Garrison information
- Garrison: 3rd Infantry Battalion, Irish Army

= Stephens Barracks =

Irish military installation

Stephens Barracks (Dún Mhic Stiofáin) is a military installation in Kilkenny, Ireland.

==History==
The barracks were built by James Switzer (then spelled Switser) on land provided by the Earl of Ormond as part of the response to the Irish Rebellion and completed between 1800 and 1803. The site was provided by William Butler, 6th Earl of Ormond on the North East of the city. Construction was to a standard plan similar to barracks being built in Templemore and Mullingar. On completion, sufficient material remained to construct “an asylum to cater for the needs of twenty women”, the present day Switser's Home in Kilkenny.

A garrison church was added in 1852. Married quarters were provided to the east of the barracks in the 1850s, continuing in their original use until 1995 when they were handed over to Kilkenny Corporation for redevelopment as local authority housing.

Following the Anglo-Irish Treaty the barracks was handed over to the forces of the Irish Free State in 1922 and renamed after James Stephens, the Irish Republican leader, in 1969. The barracks was occupied by a number of different units between the end of the Civil War and the start of the Emergency (as the Second World War was officially termed in Ireland).

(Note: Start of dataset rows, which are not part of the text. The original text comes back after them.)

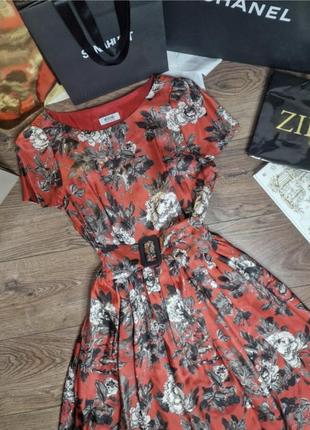 Платье moschino красное  в цветок с поясом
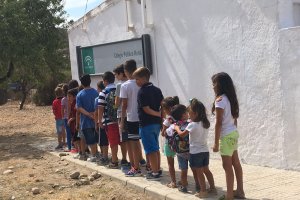 Los alumnos el pasado lunes en la entrada del colegio.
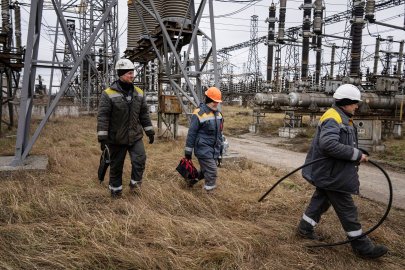 Ukrayna Başbakanı Koretskıy: Rusya, enerji altyapısını çökertmeyi hedefleyen saldırılara başladı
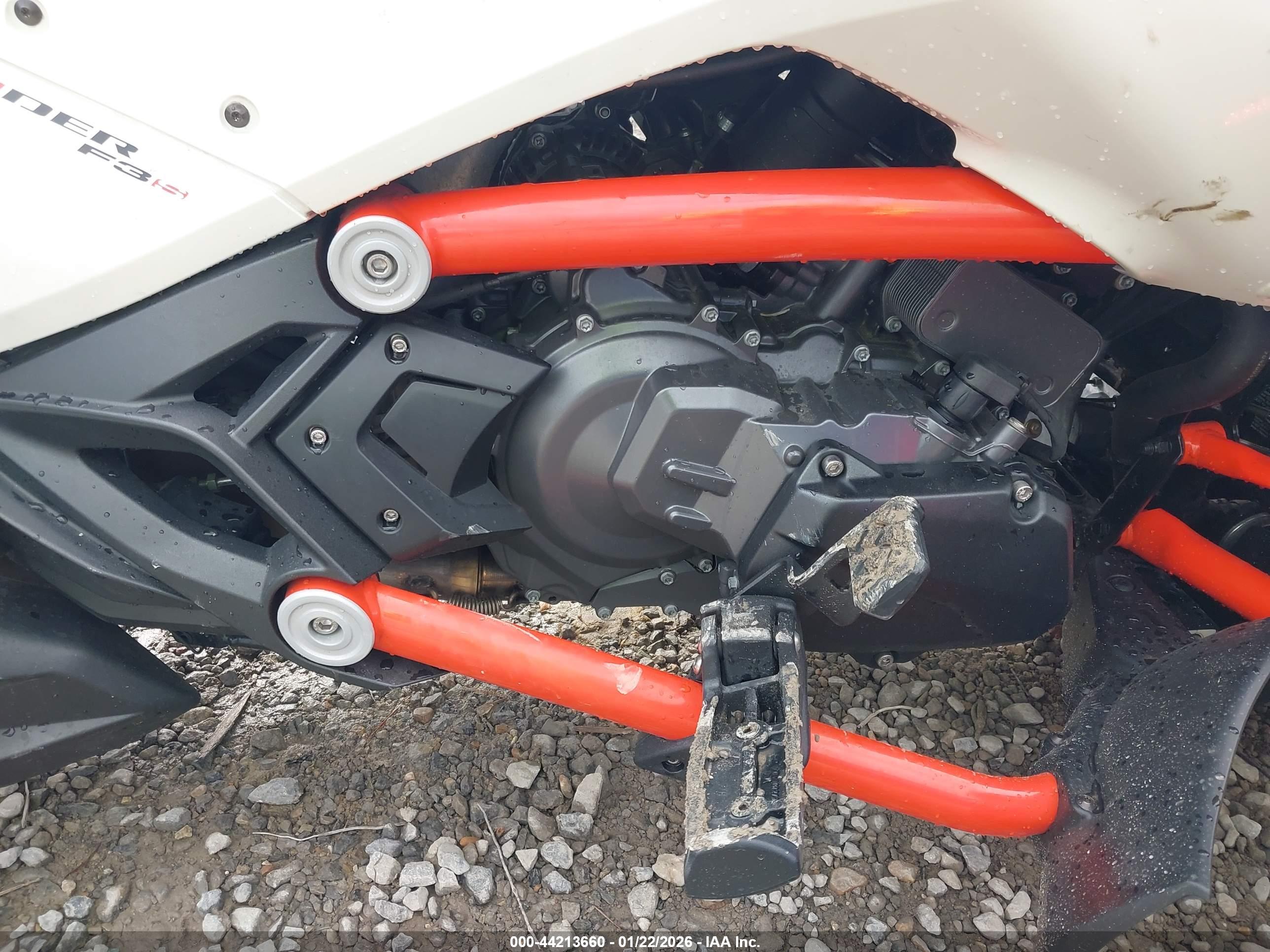 CAN-AM SPYDER image 8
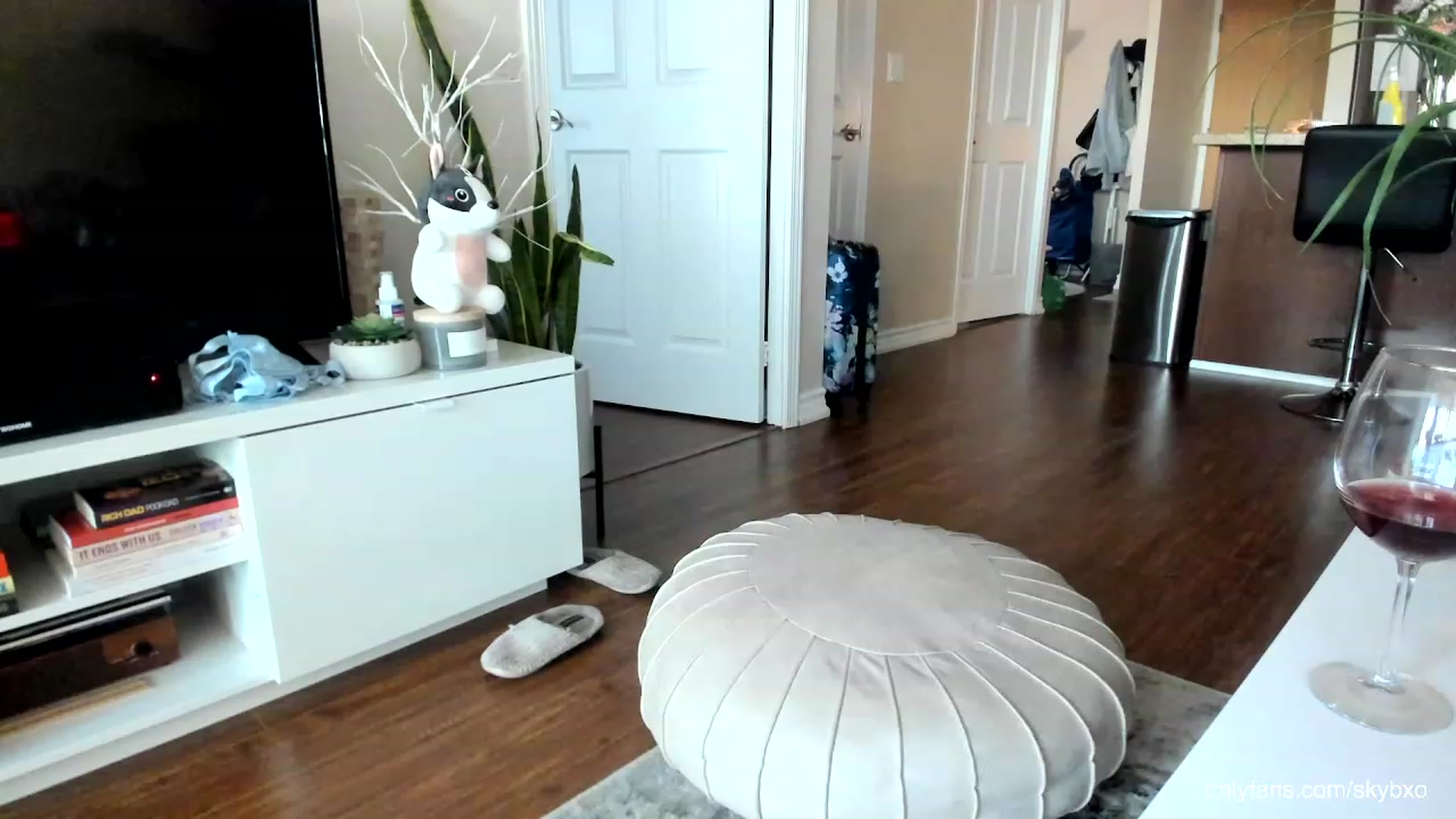 Gallery image thumbnail from SkyB_'s myfreecams stream on, 08/13/2023, 24:27 image 1 of 20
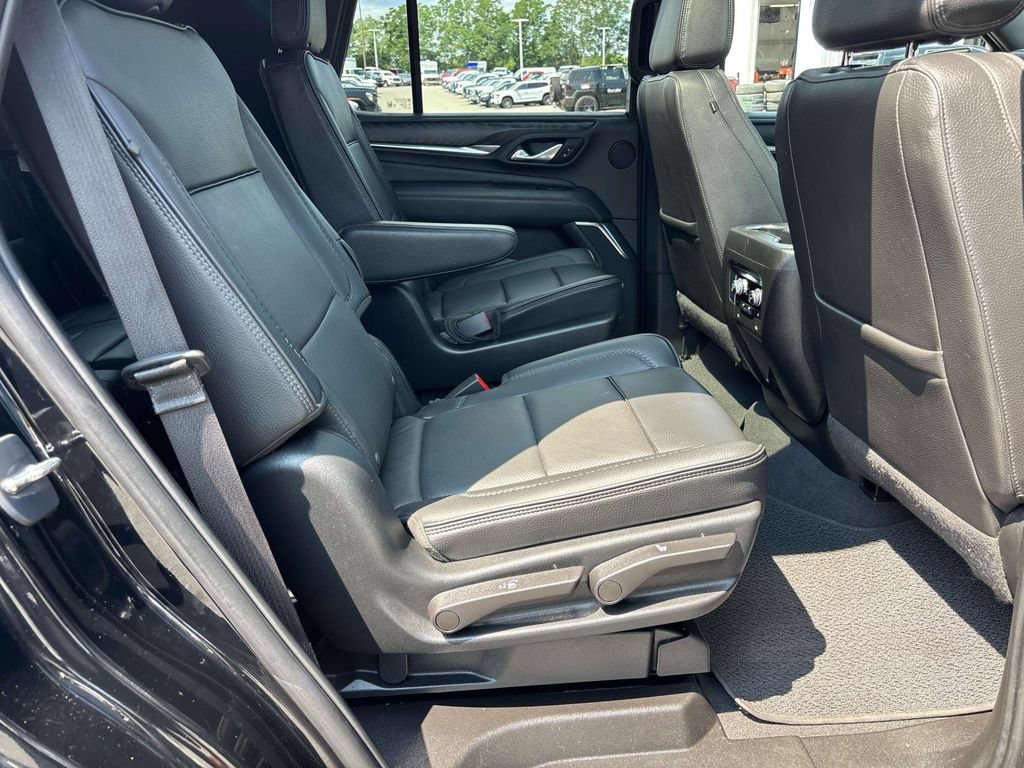 Used 2023 GMC Yukon Denali AWD/4WD image 21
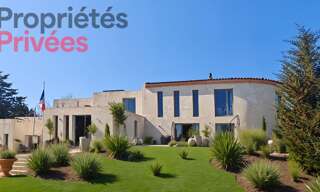 Immeuble  800 m² à vendre à Arles (13200)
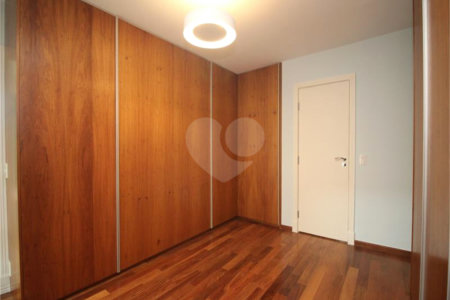 Casa à venda com 3 suítes no condomínio Brooklin Hills, São Paulo - SP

This period saw a considerable expansion of the number of personnel accommodated in both the barracks and other locations in the city. Following the end of the Emergency, the strength was again reduced to cadres for reserve elements.

In 1971 A Company, 3 Infantry Battalion was moved to the barracks from the Curragh and in 1977 this was incorporated into the newly formed 30 Infantry Battalion. This remained the main unit in the garrison until its disbandment in 1998. The barracks is now the home to the 3 Infantry Battalion.